Directions for this task:
With the pictures left out, write out exactly the lines of the listing below that run from the line with "مروحة يدوية JisuLife" through the line with "Pompes pour eaux".

Data for this exercise:
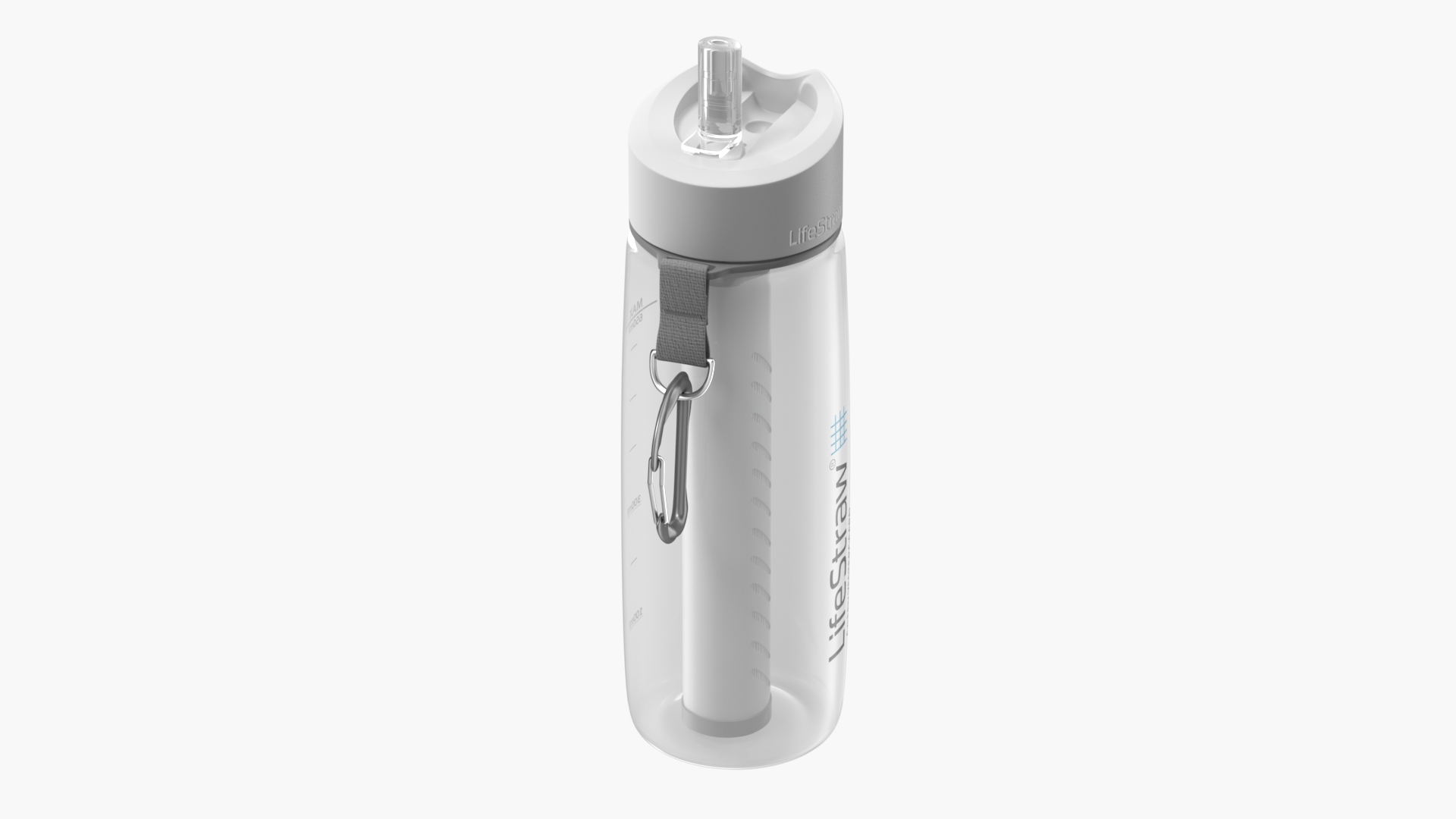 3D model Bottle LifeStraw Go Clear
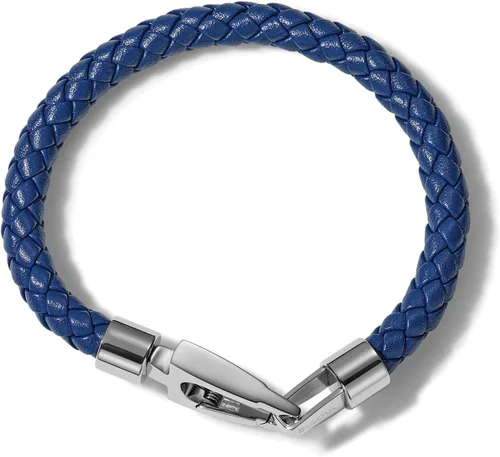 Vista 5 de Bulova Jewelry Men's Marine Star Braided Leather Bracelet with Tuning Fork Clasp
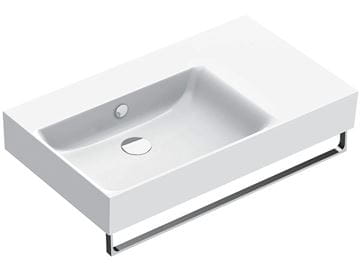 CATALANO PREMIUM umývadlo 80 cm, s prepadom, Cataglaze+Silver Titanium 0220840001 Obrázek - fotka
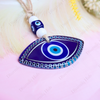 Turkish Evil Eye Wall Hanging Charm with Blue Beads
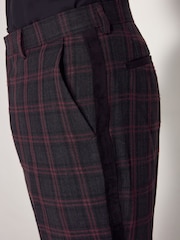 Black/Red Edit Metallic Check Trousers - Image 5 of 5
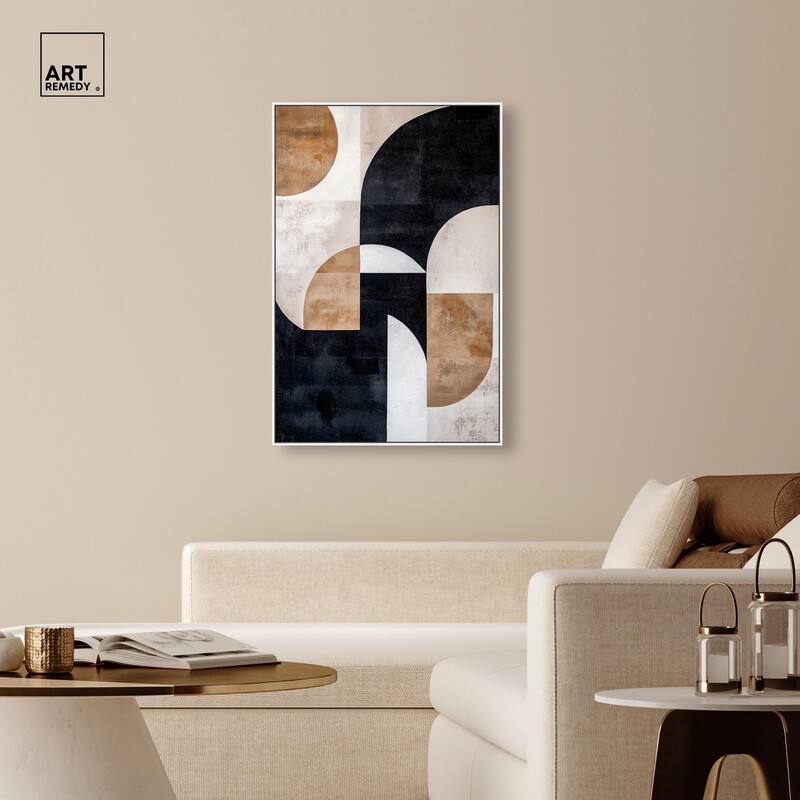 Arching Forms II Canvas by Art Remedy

---

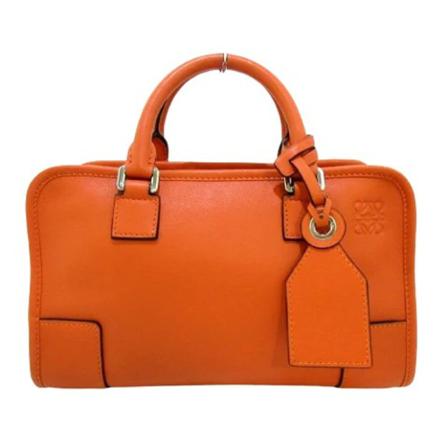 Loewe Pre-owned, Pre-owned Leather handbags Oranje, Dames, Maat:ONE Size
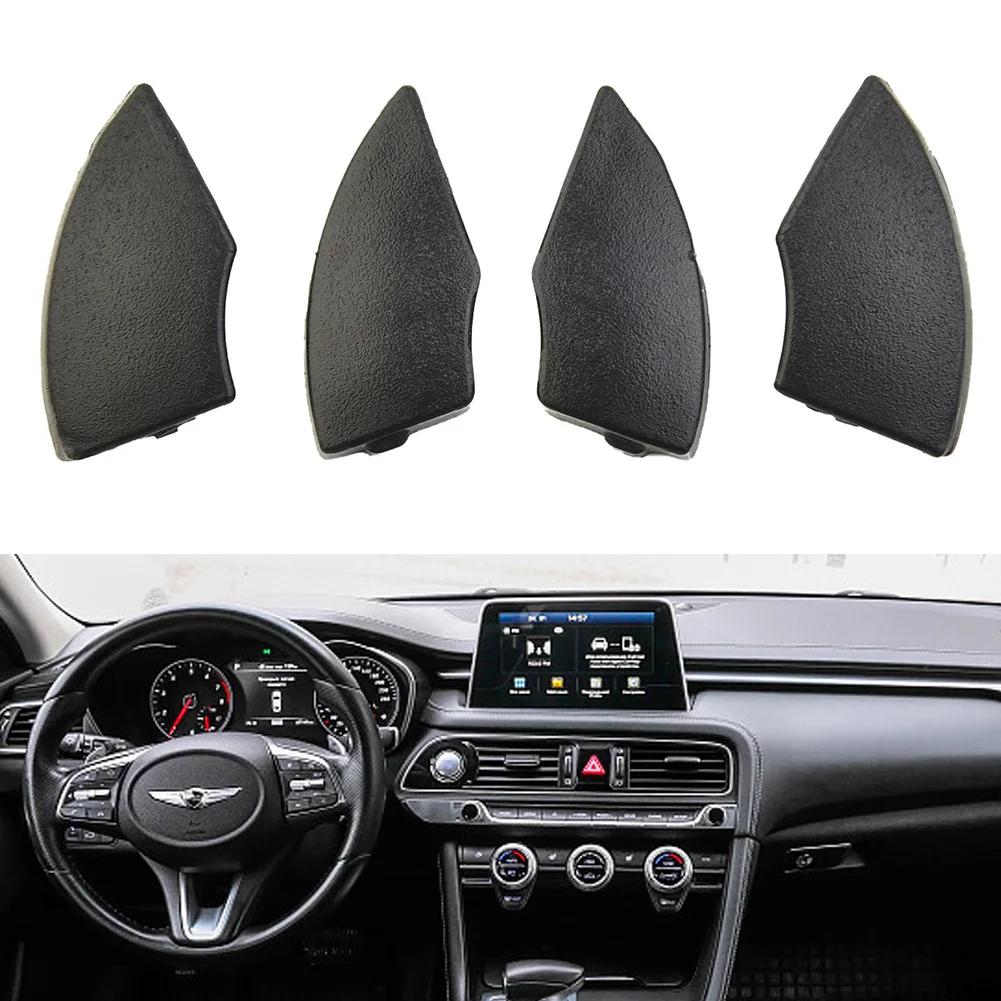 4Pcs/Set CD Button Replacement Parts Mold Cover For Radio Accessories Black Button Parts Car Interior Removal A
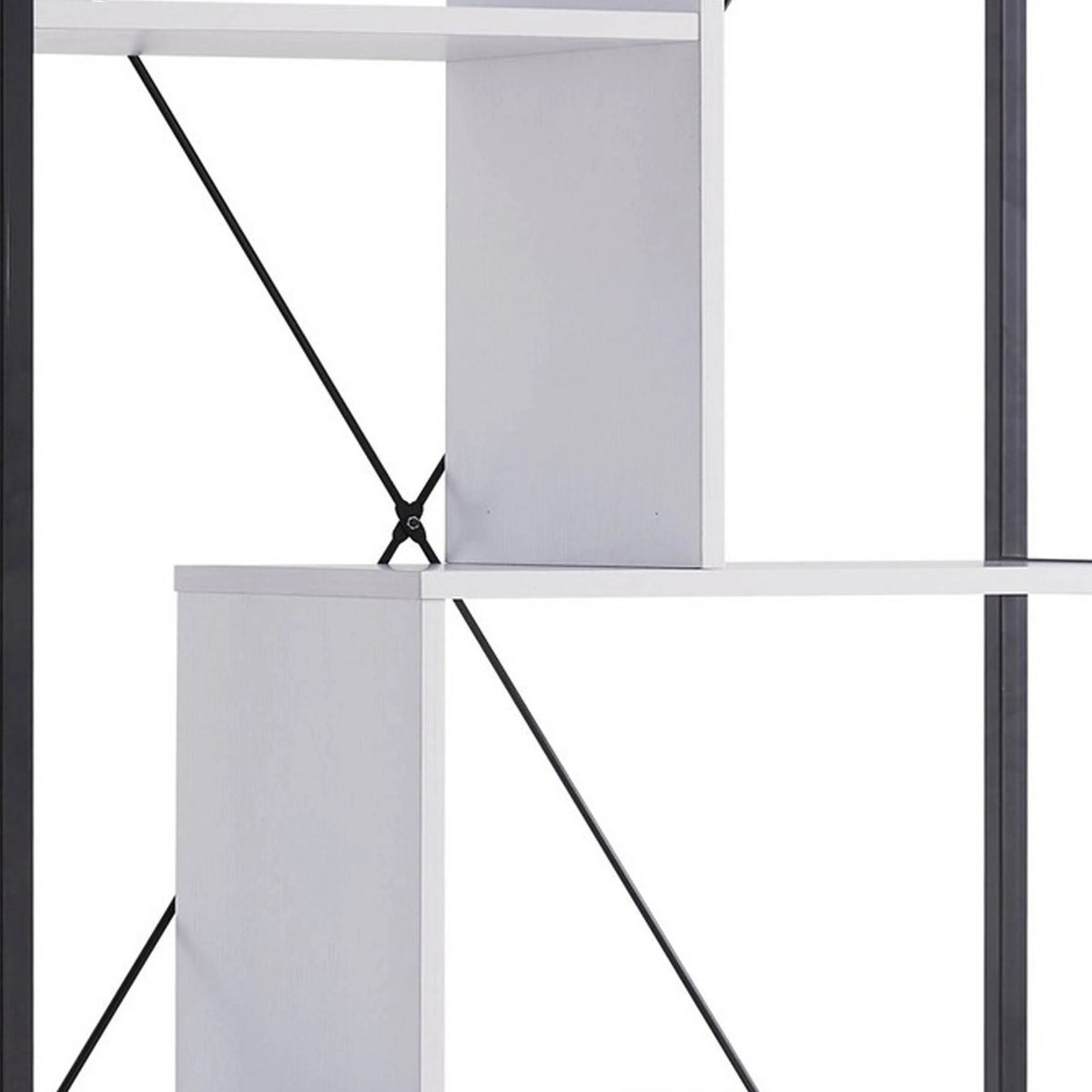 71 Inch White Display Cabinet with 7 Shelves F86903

==

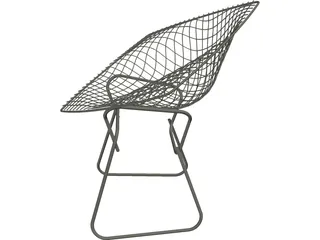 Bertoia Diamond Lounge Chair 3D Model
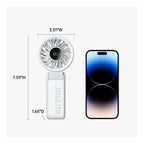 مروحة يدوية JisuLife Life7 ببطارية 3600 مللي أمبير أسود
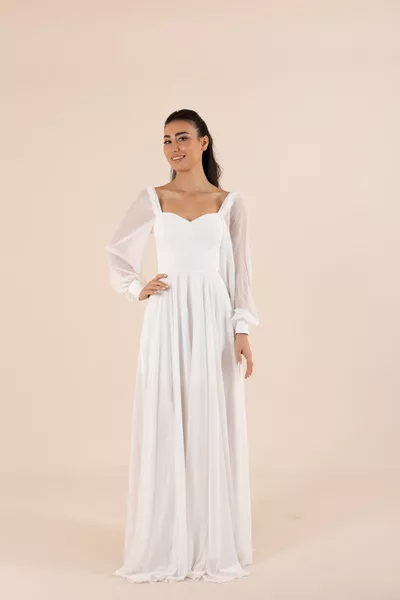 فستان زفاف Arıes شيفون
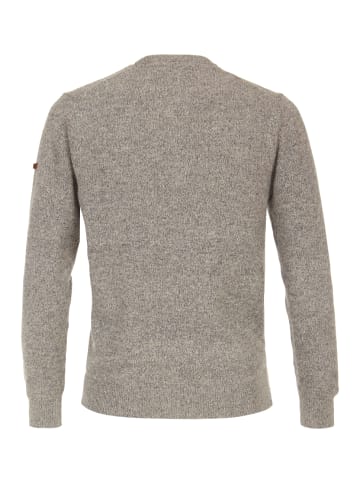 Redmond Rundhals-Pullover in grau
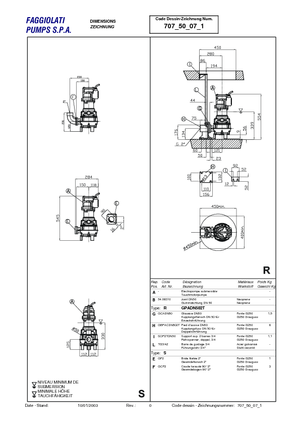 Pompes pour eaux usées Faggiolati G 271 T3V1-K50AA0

Answer space:
 مروحة يدوية JisuLife Life7 ببطارية 3600 مللي أمبير أسود
 فستان زفاف Arıes شيفون
 Redmond Rundhals-Pullover in grau
 Pompes pour eaux usées Faggiolati G 271 T3V1-K50AA0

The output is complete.